> [Task objective]:
Both the line below containing "Picture of 1108, 145" and the line containing "Kawasaki Mule，Kawasaki Heavy", along with every line between them, should be repeated exactly; no other line belongs in the answer.

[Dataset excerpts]
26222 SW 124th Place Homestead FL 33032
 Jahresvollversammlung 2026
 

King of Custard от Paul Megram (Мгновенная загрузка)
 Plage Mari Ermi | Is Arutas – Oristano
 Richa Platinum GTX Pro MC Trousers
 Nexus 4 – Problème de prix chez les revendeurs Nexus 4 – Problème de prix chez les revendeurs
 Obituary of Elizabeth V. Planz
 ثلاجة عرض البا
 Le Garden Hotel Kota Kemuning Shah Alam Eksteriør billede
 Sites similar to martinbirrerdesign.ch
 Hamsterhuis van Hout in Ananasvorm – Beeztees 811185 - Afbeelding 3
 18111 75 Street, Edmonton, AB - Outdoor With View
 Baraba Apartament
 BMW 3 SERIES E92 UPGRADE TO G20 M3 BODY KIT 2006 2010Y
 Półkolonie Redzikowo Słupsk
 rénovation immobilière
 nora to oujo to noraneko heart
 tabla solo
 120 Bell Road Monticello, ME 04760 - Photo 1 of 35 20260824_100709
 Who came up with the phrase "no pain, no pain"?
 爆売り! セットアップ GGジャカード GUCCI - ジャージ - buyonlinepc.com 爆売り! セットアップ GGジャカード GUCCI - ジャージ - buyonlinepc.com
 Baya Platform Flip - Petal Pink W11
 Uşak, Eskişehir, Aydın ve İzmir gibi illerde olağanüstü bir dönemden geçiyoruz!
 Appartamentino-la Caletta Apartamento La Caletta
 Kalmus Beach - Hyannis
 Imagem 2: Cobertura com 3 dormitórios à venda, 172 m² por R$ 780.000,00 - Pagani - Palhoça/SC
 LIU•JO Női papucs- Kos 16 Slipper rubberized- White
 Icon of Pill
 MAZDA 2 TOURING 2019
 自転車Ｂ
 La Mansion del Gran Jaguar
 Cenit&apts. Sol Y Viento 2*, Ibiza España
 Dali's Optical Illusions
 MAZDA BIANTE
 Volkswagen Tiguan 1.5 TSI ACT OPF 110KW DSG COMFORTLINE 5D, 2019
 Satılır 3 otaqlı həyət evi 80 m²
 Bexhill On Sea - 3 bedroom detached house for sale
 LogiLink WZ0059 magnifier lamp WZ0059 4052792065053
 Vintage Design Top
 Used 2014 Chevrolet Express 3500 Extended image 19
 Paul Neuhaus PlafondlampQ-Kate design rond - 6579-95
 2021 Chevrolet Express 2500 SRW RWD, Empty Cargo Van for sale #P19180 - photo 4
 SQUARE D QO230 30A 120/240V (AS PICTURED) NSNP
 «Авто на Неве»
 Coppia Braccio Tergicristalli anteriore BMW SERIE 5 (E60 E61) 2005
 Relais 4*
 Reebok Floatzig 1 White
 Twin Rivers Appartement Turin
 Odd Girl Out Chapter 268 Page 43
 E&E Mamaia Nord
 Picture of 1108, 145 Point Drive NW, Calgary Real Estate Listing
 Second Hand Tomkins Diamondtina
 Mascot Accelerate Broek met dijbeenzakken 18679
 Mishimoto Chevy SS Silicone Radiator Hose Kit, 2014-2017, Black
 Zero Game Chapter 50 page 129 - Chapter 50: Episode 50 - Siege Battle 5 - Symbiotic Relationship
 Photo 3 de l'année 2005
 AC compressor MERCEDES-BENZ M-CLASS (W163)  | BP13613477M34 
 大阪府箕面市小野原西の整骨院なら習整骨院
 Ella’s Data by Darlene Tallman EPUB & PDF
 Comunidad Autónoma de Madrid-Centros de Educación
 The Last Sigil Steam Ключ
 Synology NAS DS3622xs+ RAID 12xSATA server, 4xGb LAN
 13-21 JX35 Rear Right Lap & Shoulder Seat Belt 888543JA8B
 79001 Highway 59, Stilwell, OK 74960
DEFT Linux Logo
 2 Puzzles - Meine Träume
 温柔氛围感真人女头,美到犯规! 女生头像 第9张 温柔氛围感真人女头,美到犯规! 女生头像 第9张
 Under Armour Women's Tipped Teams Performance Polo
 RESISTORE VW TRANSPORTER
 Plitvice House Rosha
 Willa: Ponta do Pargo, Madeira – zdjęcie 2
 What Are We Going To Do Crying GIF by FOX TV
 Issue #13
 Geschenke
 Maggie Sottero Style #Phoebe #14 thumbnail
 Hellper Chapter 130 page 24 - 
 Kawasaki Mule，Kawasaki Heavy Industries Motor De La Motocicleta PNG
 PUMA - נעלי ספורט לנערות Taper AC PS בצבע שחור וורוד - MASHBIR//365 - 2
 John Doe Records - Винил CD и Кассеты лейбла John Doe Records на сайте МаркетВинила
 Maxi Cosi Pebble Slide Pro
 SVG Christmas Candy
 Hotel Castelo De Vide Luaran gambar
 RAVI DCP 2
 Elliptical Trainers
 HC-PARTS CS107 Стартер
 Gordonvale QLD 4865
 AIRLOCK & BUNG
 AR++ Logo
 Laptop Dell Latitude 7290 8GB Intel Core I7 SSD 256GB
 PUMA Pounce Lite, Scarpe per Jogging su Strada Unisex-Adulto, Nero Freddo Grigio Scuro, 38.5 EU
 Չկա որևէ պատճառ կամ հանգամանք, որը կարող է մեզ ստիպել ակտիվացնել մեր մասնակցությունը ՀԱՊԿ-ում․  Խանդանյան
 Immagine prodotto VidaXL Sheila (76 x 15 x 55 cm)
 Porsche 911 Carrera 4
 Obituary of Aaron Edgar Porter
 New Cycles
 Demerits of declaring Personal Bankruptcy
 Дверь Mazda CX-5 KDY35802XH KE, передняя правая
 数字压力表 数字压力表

> [Task response]:
 Picture of 1108, 145 Point Drive NW, Calgary Real Estate Listing
 Second Hand Tomkins Diamondtina
 Mascot Accelerate Broek met dijbeenzakken 18679
 Mishimoto Chevy SS Silicone Radiator Hose Kit, 2014-2017, Black
 Zero Game Chapter 50 page 129 - Chapter 50: Episode 50 - Siege Battle 5 - Symbiotic Relationship
 Photo 3 de l'année 2005
 AC compressor MERCEDES-BENZ M-CLASS (W163)  | BP13613477M34 
 大阪府箕面市小野原西の整骨院なら習整骨院
 Ella’s Data by Darlene Tallman EPUB & PDF
 Comunidad Autónoma de Madrid-Centros de Educación
 The Last Sigil Steam Ключ
 Synology NAS DS3622xs+ RAID 12xSATA server, 4xGb LAN
 13-21 JX35 Rear Right Lap & Shoulder Seat Belt 888543JA8B
 79001 Highway 59, Stilwell, OK 74960
DEFT Linux Logo
 2 Puzzles - Meine Träume
 温柔氛围感真人女头,美到犯规! 女生头像 第9张 温柔氛围感真人女头,美到犯规! 女生头像 第9张
 Under Armour Women's Tipped Teams Performance Polo
 RESISTORE VW TRANSPORTER
 Plitvice House Rosha
 Willa: Ponta do Pargo, Madeira – zdjęcie 2
 What Are We Going To Do Crying GIF by FOX TV
 Issue #13
 Geschenke
 Maggie Sottero Style #Phoebe #14 thumbnail
 Hellper Chapter 130 page 24 - 
 Kawasaki Mule，Kawasaki Heavy Industries Motor De La Motocicleta PNG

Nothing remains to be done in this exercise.